- _Directions_: An exact copy of the listing below is needed, with no pictures in it.

- _Supplied data_:

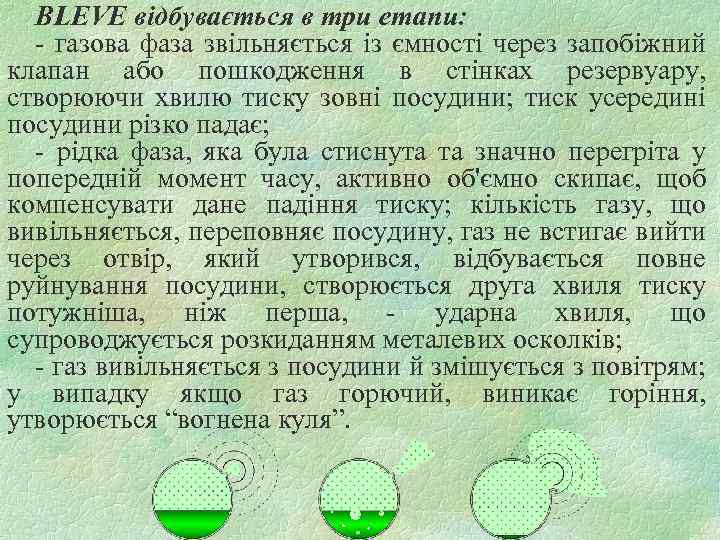 BLEVE відбувається в три етапи: - газова фаза звільняється із ємності через запобіжний клапан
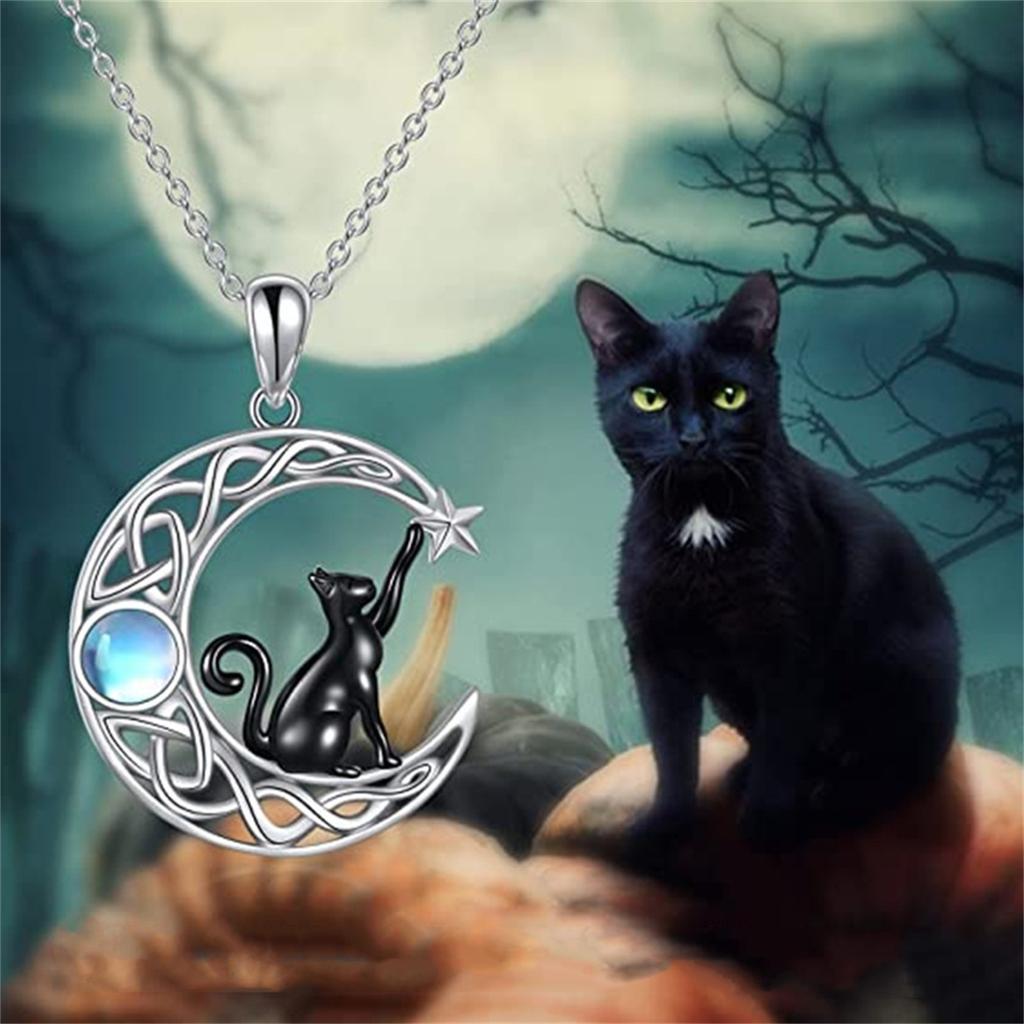 Uroczy Czarny Mały Kot Motyl Księżyc Wisiorek Naszyjnik Dla Kobiet Gotycki Modny Zwierzęcy Kociak Łańcuszek na obojczyk Choker Biżuteria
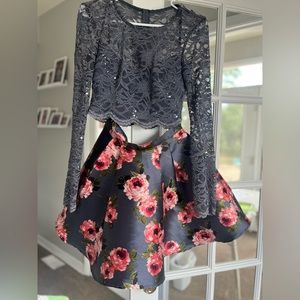 Two-piece long sleeve Homecoming dress from Dillards.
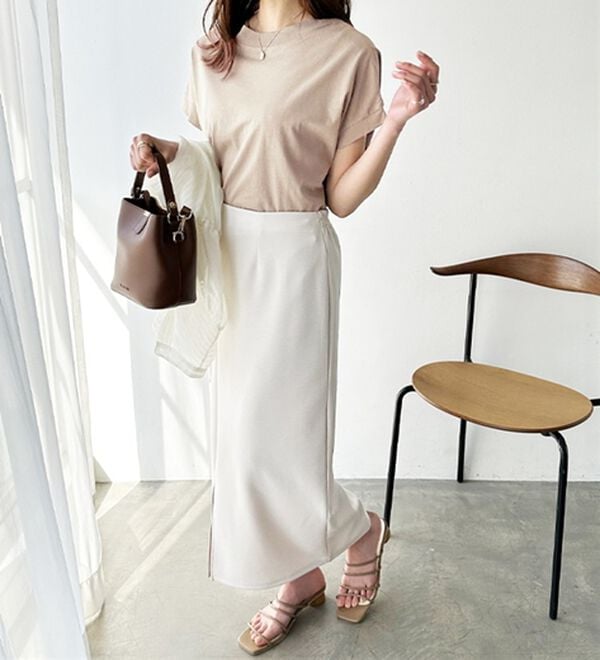 GeeRA（ジーラ）の「綿１００％フレンチスリーブチュニックＴシャツ（カットソー）」｜詳細画像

- _Output for this task_:
 BLEVE відбувається в три етапи: - газова фаза звільняється із ємності через запобіжний клапан
 Uroczy Czarny Mały Kot Motyl Księżyc Wisiorek Naszyjnik Dla Kobiet Gotycki Modny Zwierzęcy Kociak Łańcuszek na obojczyk Choker Biżuteria
 Two-piece long sleeve Homecoming dress from Dillards.
 GeeRA（ジーラ）の「綿１００％フレンチスリーブチュニックＴシャツ（カットソー）」｜詳細画像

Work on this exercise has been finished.